| dc.description.abstract | With the successive development of Artificial Intelligence (AI) and Internet of Thing (IoT), the communication between memory and processing units becomes a serious challenge due to high power consumption and low data throughput. In general, the processing speed is faster than the read/write speed of the memory, which leads to the Von Neumann bottleneck. Moreover, with the recent discovery of ferroelectricity in HfO2, the novel ferroelectric FET (FeFET) based non-volatile memory is alleviated the Von Neumann bottleneck by computing inside the logic memory units and eliminating the energy-intensive and time-consuming data movement.
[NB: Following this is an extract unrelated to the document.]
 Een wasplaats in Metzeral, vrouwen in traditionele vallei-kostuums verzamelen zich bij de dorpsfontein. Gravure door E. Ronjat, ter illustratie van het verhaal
In the first part, TCAD simulations for FeFET are coupled with Preisach model, and then we analyze and simulate the characteristic of memory window. The two inputs used to perform the logic functionality of the FeFET can be obtained through ferroelectric polarization state and gate voltage, whereas the potential at source and back-gate are utilized to shift the transfer characteristics towards higher (or lower) gate bias to obtain all the logic states corresponding to input combinations. The circuit used to perform NOR or NAND logic operation consists of single FeFET with a pull up resistor in series. The functionality of pull-up resistor is to transform the current state to the output voltage. It is shown that NOR and NAND logic functionality can be realized with 1T FeFET, and then we can analyze the design space comprehensively and quantitatively by applying source and back-gate voltage. We also analyze the impact of ferroelectric parameter variations on the design space, and we can know the back-gate voltage providing wider design space in the nominal and ferroelectric variations. The comparisions of propagation delay, power delay product (PDP), and energy delay product (EDP) of FeFET NAND logic gate with optimal source and back-gate voltage have been analyzed. The optimal back-gate voltage shows improvement in delay time, PDP, and EDP with optimal source voltage.
In the second part, we use split-gate FeFET to achieve NOR, NAND, and XNOR logic functionality. In contrast to single gate FeFET, split-gate FeFET uses two front gates to achieve the logic operation. One gate is fixed at constant voltage to shift the Ids-Vgs curve towards lower (or higher) gate bias, and another gate is provided with ferroelectric polarization state and gate voltage as the inputs. This method achieves NOR and NAND logic function by modulating one gate, and the design space of the gate voltage in split-gate FeFET is analyzed comprehensively and quantitatively. To further demonstrate the advantages of using split-gate device structure, the thesis explores the AOI (AND-OR-INVERTER) circuit. The AOI circuit uses the NAND, NOT, and NOR logic functions. Results highlight that split-gate FeFET can replace conventional NAND logic function in the AOI logic circuit, and thus it reduces the number of transistors in the conventional AOI circuit. Moreover, the results obtained from AOI circuit designed with the split-gate are comparable with conventional AOI circuit. Furthermore, the thesis explores the XNOR logic operation using split-gate and conventional FeFET. Results show that split-gate FeFET lowers the writing voltage in XNOR logic function.
Keywords: Ferroelectric, Von Neumann bottleneck, ferroelectric FET, split-gate FeFET, non-volatile memory, memory window, logic in memory, variability, design space | en_US |